● **EXERCISE PROMPT**
Lines below that include "dogs" are the answer; copy each one.

● **TASK MATERIAL**
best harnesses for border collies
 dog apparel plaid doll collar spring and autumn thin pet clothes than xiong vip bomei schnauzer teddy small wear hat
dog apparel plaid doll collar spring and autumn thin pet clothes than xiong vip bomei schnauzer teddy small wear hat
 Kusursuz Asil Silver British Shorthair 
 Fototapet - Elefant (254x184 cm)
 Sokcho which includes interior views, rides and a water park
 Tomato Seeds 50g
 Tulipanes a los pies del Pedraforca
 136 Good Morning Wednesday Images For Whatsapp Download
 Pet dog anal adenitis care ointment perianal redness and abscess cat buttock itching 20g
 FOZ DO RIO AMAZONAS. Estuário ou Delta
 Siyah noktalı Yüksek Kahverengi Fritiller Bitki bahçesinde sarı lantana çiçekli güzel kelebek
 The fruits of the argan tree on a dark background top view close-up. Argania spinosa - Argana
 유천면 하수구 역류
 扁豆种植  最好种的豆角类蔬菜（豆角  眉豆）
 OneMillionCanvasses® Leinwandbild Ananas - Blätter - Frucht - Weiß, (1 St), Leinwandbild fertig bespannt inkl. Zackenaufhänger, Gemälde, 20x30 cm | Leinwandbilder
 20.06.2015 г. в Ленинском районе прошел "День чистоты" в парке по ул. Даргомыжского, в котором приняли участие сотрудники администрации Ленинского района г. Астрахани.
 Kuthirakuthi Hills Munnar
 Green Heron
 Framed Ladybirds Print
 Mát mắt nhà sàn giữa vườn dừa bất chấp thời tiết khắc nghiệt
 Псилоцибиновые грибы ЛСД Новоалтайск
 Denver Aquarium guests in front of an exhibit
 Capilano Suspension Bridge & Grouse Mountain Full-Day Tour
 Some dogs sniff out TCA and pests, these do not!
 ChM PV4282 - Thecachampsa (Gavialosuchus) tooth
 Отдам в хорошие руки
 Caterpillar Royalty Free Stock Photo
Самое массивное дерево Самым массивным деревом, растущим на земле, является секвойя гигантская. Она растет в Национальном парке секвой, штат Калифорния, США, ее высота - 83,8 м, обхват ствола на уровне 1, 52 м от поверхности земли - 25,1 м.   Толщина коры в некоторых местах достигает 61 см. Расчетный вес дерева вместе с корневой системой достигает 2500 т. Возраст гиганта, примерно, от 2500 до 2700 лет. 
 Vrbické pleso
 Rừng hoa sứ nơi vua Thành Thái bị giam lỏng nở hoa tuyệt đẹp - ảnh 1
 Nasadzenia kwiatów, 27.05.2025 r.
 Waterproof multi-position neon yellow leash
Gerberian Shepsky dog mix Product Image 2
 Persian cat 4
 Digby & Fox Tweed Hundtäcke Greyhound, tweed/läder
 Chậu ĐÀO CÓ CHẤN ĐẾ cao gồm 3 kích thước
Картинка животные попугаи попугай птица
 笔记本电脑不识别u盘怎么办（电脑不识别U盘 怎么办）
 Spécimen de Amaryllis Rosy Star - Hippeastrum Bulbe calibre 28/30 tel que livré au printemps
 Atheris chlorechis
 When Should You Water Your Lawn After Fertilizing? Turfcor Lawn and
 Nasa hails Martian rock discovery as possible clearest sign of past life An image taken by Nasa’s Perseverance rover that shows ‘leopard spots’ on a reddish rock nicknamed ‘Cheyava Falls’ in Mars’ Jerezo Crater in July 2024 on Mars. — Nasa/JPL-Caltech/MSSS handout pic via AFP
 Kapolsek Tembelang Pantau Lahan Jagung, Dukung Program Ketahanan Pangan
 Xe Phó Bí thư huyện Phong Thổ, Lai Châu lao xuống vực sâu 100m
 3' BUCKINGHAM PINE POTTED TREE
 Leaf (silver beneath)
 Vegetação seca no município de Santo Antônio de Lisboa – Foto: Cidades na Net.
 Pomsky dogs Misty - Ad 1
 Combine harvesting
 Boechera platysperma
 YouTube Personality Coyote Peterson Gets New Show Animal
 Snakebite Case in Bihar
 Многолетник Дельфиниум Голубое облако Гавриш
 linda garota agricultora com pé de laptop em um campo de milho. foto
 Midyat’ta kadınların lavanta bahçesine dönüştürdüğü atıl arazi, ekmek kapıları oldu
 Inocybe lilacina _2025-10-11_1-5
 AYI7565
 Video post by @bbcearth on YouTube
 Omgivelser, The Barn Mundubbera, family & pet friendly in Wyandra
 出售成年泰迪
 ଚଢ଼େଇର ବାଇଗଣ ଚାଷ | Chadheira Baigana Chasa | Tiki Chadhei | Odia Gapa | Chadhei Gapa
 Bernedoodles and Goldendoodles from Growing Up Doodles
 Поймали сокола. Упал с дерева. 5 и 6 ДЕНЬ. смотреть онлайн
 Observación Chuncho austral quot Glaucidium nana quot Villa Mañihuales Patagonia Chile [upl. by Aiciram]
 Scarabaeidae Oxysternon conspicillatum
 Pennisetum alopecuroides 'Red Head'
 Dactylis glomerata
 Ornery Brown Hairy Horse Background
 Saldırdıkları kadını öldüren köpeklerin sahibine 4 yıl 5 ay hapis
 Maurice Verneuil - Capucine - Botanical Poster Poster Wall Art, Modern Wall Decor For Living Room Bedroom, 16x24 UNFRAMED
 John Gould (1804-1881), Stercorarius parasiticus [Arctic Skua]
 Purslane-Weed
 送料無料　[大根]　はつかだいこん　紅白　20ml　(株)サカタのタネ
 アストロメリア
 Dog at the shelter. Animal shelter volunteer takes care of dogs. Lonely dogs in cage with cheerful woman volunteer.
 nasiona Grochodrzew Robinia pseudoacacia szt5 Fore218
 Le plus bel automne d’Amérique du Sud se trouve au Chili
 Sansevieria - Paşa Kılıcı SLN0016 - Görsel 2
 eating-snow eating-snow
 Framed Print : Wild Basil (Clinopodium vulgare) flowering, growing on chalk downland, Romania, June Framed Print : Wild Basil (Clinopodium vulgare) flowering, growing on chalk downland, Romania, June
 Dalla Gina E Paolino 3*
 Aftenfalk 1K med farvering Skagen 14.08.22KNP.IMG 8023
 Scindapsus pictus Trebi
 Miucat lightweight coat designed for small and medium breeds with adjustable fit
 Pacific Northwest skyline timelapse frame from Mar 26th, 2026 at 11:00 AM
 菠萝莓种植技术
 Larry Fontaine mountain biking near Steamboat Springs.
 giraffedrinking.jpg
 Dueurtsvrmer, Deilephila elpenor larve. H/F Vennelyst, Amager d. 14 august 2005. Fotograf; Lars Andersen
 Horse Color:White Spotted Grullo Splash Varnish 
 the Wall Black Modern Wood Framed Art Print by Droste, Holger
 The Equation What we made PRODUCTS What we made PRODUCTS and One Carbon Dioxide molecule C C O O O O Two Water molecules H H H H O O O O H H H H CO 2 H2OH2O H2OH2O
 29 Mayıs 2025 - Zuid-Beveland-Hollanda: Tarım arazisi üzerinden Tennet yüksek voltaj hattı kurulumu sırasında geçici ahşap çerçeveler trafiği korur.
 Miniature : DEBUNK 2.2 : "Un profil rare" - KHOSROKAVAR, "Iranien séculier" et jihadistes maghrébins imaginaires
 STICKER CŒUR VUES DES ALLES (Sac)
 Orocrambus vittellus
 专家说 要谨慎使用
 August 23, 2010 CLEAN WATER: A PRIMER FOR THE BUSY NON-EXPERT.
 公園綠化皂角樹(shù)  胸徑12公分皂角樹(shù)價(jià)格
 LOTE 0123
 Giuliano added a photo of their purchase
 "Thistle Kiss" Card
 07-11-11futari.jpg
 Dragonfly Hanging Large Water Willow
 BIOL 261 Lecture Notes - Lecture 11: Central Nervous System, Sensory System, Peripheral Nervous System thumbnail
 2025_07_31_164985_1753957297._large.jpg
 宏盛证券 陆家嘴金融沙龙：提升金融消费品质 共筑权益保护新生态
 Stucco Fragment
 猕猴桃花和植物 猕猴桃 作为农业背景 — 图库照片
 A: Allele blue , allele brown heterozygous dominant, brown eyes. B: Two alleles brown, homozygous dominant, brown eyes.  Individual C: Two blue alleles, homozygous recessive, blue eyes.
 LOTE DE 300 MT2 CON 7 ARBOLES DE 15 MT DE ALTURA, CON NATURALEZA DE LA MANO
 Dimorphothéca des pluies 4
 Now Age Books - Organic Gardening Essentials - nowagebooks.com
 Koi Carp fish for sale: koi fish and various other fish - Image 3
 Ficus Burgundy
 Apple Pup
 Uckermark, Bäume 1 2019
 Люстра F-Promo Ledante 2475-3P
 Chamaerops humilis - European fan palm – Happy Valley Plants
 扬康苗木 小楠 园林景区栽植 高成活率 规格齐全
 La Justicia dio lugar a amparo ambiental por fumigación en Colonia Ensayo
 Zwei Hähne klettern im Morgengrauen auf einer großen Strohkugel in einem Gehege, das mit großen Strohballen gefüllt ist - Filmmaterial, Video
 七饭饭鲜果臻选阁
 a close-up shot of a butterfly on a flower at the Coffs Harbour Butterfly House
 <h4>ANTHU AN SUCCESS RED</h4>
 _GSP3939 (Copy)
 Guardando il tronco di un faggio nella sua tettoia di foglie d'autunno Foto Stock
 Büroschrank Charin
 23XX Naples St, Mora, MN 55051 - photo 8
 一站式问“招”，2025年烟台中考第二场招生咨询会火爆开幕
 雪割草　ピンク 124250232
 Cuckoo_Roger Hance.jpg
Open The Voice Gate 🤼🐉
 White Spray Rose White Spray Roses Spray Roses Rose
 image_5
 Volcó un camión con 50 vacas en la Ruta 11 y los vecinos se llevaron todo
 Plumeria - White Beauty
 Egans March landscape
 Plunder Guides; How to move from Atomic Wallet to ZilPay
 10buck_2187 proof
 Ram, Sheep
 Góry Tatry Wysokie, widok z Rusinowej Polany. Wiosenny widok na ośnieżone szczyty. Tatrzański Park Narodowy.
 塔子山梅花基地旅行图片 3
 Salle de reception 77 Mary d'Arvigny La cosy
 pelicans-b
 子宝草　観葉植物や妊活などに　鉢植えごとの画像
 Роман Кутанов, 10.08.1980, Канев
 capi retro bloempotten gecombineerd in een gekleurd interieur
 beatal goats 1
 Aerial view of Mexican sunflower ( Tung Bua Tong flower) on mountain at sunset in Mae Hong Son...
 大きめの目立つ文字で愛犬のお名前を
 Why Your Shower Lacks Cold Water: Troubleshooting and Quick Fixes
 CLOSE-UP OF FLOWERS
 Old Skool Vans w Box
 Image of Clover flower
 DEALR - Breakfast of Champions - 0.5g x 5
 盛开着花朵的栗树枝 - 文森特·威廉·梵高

● **TASK ANSWER**
 Some dogs sniff out TCA and pests, these do not!
 Pomsky dogs Misty - Ad 1
 Dog at the shelter. Animal shelter volunteer takes care of dogs. Lonely dogs in cage with cheerful woman volunteer.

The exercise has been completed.